Task prompt:
Range to reproduce from the entries below: the line with "Round Plain Strong", the line with "Wooden Corkscrew with", and every line in between. Give them exactly and give nothing else.

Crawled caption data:
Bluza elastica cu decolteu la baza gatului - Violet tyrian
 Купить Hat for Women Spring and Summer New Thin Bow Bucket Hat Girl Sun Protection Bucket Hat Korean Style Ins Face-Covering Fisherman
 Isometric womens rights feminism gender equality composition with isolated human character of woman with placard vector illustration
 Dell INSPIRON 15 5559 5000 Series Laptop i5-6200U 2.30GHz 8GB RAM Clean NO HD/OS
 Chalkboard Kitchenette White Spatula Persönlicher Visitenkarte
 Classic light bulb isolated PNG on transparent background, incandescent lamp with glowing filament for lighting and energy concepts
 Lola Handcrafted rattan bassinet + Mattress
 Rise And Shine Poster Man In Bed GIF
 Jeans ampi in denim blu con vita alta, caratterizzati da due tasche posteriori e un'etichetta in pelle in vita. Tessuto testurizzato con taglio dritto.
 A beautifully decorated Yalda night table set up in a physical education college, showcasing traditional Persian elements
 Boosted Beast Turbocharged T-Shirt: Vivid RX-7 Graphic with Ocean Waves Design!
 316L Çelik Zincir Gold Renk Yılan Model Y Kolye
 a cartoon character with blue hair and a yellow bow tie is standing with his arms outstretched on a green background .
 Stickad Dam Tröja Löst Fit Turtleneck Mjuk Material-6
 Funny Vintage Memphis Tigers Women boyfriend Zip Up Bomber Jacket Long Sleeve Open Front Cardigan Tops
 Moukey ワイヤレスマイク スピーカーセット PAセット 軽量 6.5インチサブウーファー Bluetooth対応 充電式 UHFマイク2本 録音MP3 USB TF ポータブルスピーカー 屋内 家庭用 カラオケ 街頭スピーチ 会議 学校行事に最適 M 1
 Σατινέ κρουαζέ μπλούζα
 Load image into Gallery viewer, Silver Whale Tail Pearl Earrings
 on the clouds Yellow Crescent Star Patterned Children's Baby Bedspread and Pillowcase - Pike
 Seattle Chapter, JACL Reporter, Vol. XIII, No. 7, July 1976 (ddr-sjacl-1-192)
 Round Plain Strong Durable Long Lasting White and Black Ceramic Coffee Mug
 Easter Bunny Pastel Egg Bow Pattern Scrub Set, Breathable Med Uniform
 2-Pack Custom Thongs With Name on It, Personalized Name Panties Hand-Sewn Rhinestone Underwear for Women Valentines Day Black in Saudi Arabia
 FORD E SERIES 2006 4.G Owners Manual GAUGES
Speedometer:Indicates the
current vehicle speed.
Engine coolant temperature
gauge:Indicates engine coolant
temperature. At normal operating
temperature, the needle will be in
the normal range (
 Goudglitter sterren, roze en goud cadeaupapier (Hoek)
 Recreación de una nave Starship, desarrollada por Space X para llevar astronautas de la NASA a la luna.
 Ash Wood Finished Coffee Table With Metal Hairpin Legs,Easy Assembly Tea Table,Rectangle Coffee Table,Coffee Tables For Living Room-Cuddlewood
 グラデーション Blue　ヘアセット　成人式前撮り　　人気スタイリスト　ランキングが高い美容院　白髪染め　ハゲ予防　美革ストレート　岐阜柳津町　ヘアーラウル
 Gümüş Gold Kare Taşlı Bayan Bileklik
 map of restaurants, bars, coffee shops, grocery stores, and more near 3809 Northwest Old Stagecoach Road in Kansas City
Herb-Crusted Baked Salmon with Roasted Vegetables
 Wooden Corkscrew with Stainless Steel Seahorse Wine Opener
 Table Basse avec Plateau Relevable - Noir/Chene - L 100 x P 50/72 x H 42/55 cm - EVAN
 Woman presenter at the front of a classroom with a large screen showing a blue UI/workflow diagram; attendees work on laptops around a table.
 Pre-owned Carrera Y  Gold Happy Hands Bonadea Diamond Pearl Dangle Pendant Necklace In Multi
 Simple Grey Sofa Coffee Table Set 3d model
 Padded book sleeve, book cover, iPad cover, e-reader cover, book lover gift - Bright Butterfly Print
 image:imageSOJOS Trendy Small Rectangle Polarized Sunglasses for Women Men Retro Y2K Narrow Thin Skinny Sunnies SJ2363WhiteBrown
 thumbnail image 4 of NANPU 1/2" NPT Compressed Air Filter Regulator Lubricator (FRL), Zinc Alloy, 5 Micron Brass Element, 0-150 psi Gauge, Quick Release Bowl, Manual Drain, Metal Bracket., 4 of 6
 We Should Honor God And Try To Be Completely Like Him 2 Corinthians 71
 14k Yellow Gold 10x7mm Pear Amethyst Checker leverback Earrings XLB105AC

Written answer:
 Round Plain Strong Durable Long Lasting White and Black Ceramic Coffee Mug
 Easter Bunny Pastel Egg Bow Pattern Scrub Set, Breathable Med Uniform
 2-Pack Custom Thongs With Name on It, Personalized Name Panties Hand-Sewn Rhinestone Underwear for Women Valentines Day Black in Saudi Arabia
 FORD E SERIES 2006 4.G Owners Manual GAUGES
Speedometer:Indicates the
current vehicle speed.
Engine coolant temperature
gauge:Indicates engine coolant
temperature. At normal operating
temperature, the needle will be in
the normal range (
 Goudglitter sterren, roze en goud cadeaupapier (Hoek)
 Recreación de una nave Starship, desarrollada por Space X para llevar astronautas de la NASA a la luna.
 Ash Wood Finished Coffee Table With Metal Hairpin Legs,Easy Assembly Tea Table,Rectangle Coffee Table,Coffee Tables For Living Room-Cuddlewood
 グラデーション Blue　ヘアセット　成人式前撮り　　人気スタイリスト　ランキングが高い美容院　白髪染め　ハゲ予防　美革ストレート　岐阜柳津町　ヘアーラウル
 Gümüş Gold Kare Taşlı Bayan Bileklik
 map of restaurants, bars, coffee shops, grocery stores, and more near 3809 Northwest Old Stagecoach Road in Kansas City
Herb-Crusted Baked Salmon with Roasted Vegetables
 Wooden Corkscrew with Stainless Steel Seahorse Wine Opener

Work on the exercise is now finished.